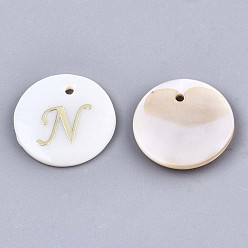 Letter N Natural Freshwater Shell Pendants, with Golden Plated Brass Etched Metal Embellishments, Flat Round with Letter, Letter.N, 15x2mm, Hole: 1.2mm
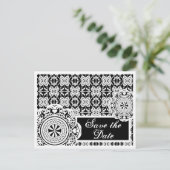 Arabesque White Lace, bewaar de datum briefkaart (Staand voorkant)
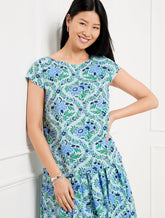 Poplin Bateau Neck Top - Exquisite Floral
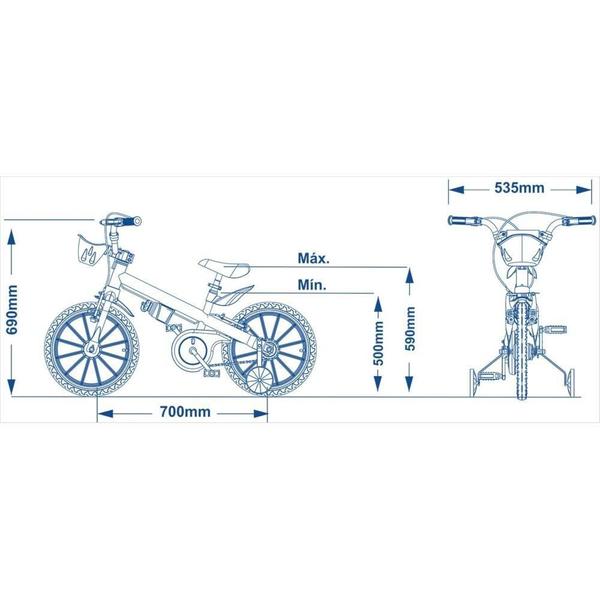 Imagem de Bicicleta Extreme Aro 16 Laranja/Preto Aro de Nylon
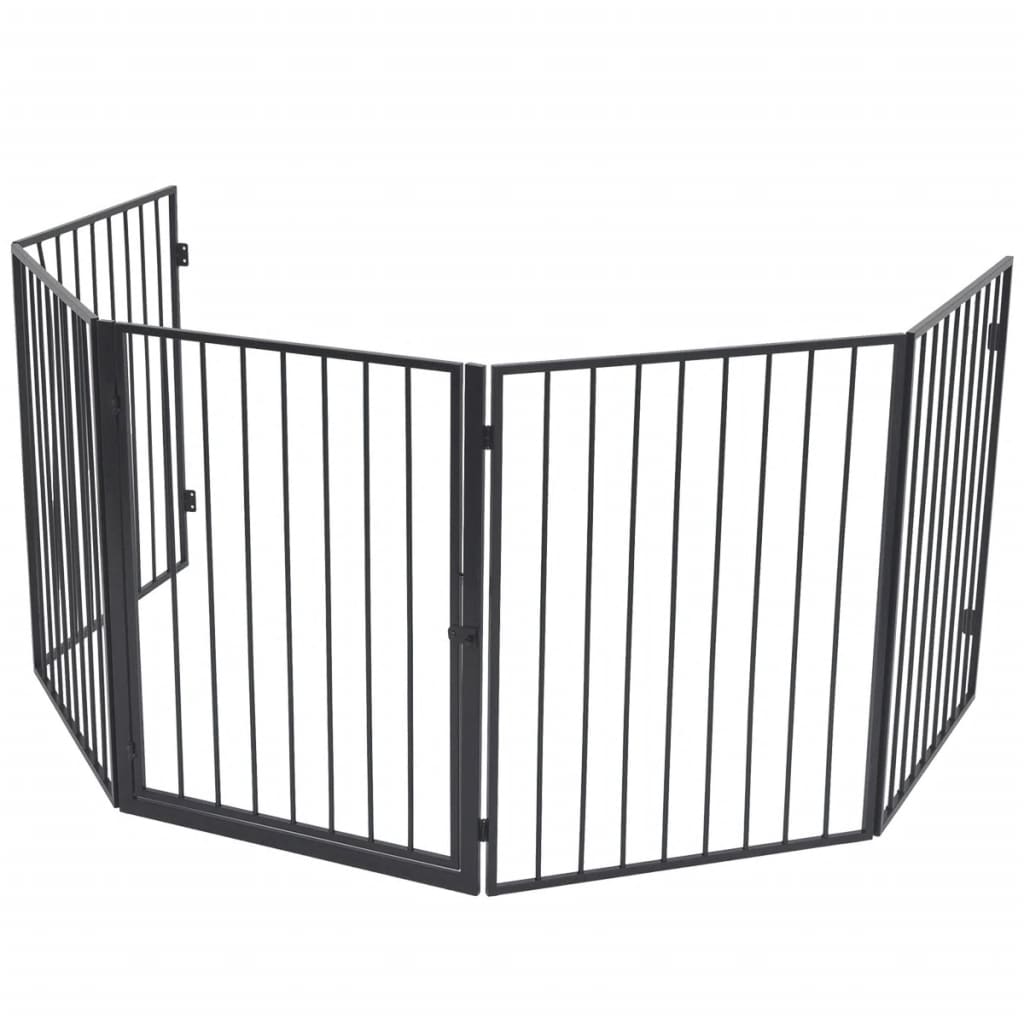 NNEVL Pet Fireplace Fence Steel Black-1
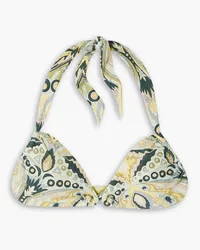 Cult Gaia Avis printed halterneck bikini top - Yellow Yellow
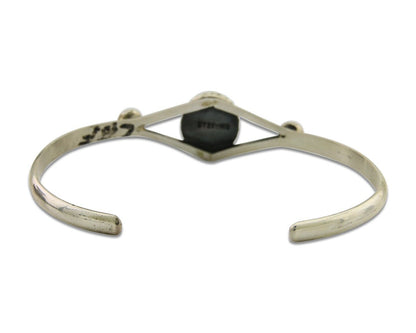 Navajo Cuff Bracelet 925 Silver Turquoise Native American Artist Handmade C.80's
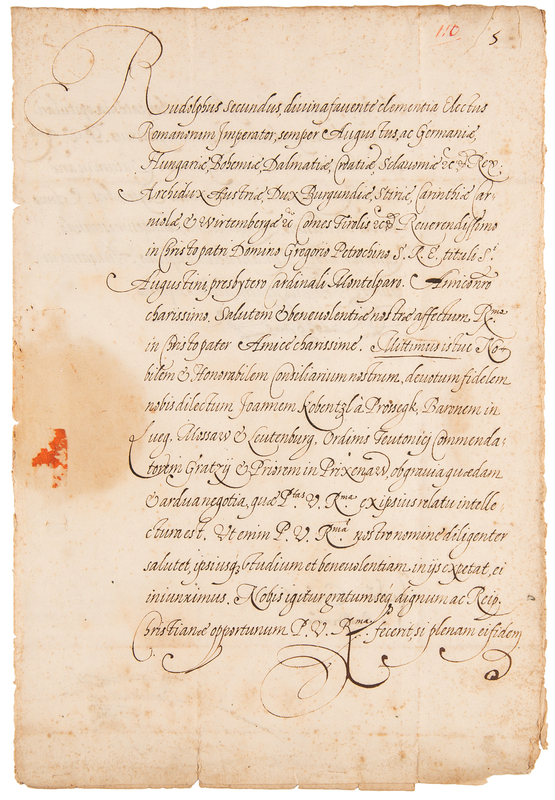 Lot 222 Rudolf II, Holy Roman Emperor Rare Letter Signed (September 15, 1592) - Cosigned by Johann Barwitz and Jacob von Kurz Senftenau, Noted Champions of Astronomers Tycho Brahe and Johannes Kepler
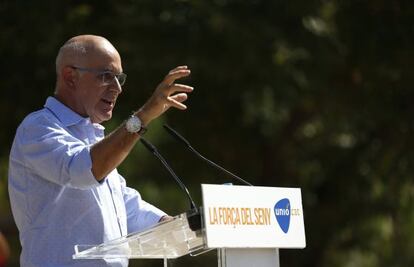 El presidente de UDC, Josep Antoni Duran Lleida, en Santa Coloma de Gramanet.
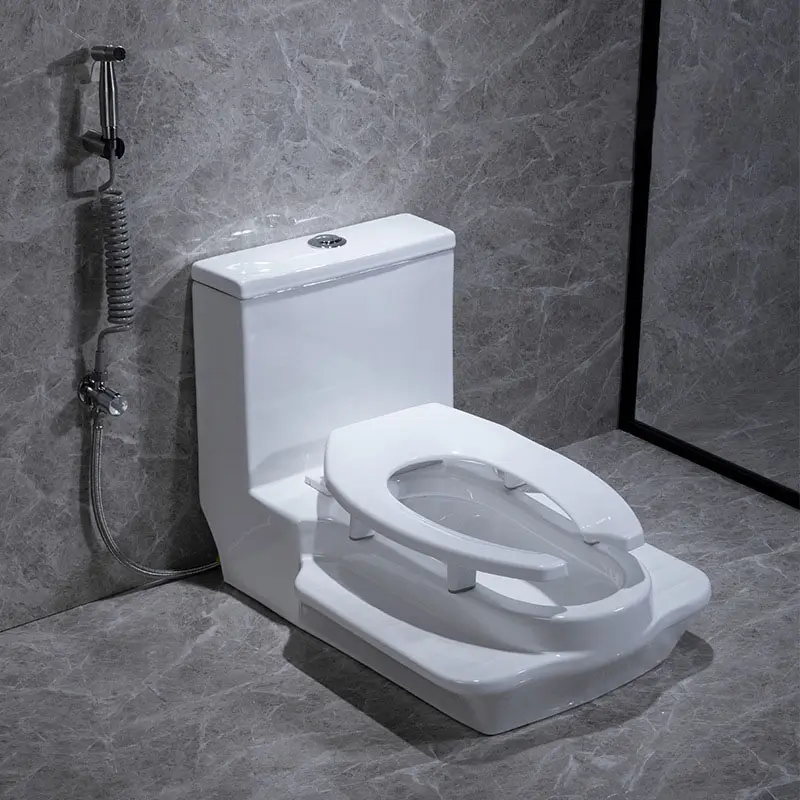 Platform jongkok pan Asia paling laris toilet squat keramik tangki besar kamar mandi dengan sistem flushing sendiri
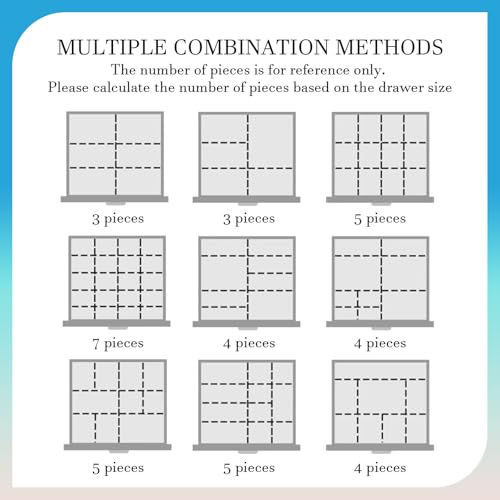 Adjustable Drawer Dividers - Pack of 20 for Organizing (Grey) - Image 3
::::
What is needed. Retype exactly the lines from the one containing "Platform jongkok pan" through the last line of the records above, both included, and leave out any pictures.

Solution to the problem.
 Platform jongkok pan Asia paling laris toilet squat keramik tangki besar kamar mandi dengan sistem flushing sendiri
 Adjustable Drawer Dividers - Pack of 20 for Organizing (Grey) - Image 3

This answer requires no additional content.